1. This appeal is brought by the Governor-General in Council from a decree made by the Federal Court of India in its original jurisdiction on March 17, 1942. In proceedings commenced in that Court against the respondent, the Province of Madras, the appellant claimed that the Madras Act IX of 1939, known as the Madras General Sales Tax Act of 1939 and hereafter referred to as 'the Madras Act,' in so far as it purports to levy a1 tax on first sales in Madras1 of goods manufactured or produced in India is, except in respect of certain excepted goods, ultra vires and beyond the competence of the Legislature of the respondent. The Federal Court dismissed the appellant's suit following its previous decision in an appeal from the High Court of Madras in a suit in which the present respondents were appellants and a firm called Boddu paidanna and Sons were respondents and the validity of the same provisions of the same Act was in issue. This case will be referred to as the Boddu Paidanna case prov. Of Mad. v. Boddu Paidanna (1942) 46 C.W.N. 38
2. The legislative powers of the Federal and Provincial Legislatures respectively are defined in the Government of India Act, 1935, sometimes called 'The Constitution Act,' and it will be convenient to refer to them before examining the provisions of the impugned Madras Act.
3. Section 100 of the Constitution Act provides as follows :
(1) Notwithstanding anything in the two next succeeding subsections the Federal Legislature has, and a Provincial Legislature has not, power to make laws with respect to any of the matters enumerated in List I in the Seventh Schedule to this Act (hereinafter called the 'Federal Legislative List').
(2) Notwithstanding anything in the next succeeding subsections the Federal Legislature, and, subject to the preceding subsection, a Provincial Legislature also, have power to make laws with respect to any of the matters enumerated in List III in the said Schedule (hereinafter called the 'Concurrent Legislative List').
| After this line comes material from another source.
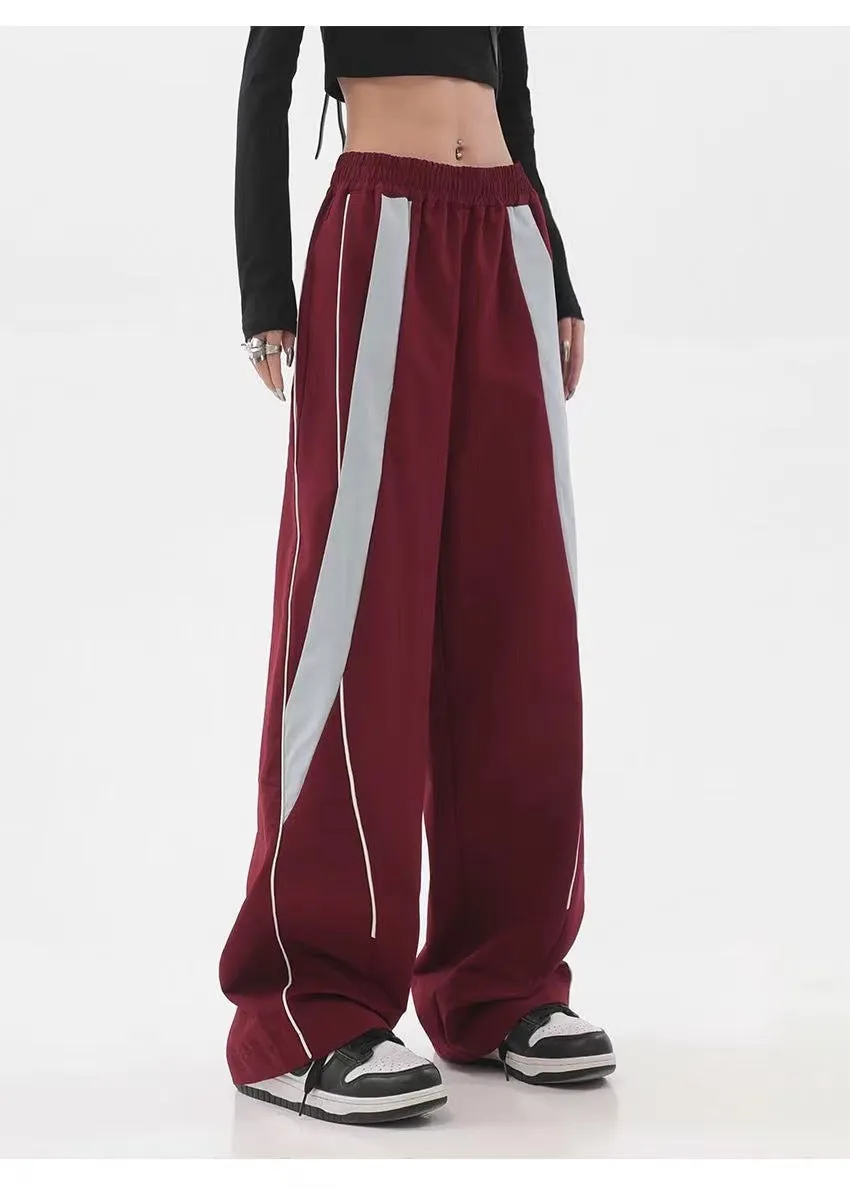 Piping Patchwork Baggy Sweatpants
(3) Subject to the two preceding subsections, the Provincial Legislature has, and the Federal Legislature has not, power to make laws for a Province or any part thereof with respect to any of the matters enumerated in List II in the said Schedule (hereinafter called the 'Provincial Legislative List').
(4) The Federal Legislature has power to make laws with respect to matters enumerated in the Provincial Legislative List except for a Province or any part thereof.
Entry No. 45 of the Federal Legislative List is as follows:
45. Duties of excise on Tobacco and other goods manufactured or produced in India except there follow certain exceptions.
Entry No. 48 of the Provincial Legislative List is as follows:
48. Taxes on the sale of goods and on advertisements.
4. It is upon these two entries respectively that the parties rely, the respondent contending that Entry No. 48 of the Provincial Legislative List authorises and justifies the impugned provisions1 of the Madras Act, the appellant contending that so far as those provisions purport to impose a tax on first sales they in effect impose a duty of excise and are therefore an encroachment upon the power given exclusively to the Federal Legislature by Entry No. 45 of the Federal Legislative List.
5. Before further considering the provisions of the Constitution Act it will be convenient to examine somewhat closely the Madras Act. For in a Federal constitution, in which there is a division of legislative powers between Central and Provincial Legislatures, it appears to be inevitable that controversy should arise whether one or other Legislature is not exceeding its own, and encroaching on the others, constitutional legislative power, and in such a controversy it is a principle, which their Lordships do not hesitate to apply in the present case, that it is not the name of the tax but its real nature, its 'pith and substance' as it has sometimes been said, which must determine into what category it falls.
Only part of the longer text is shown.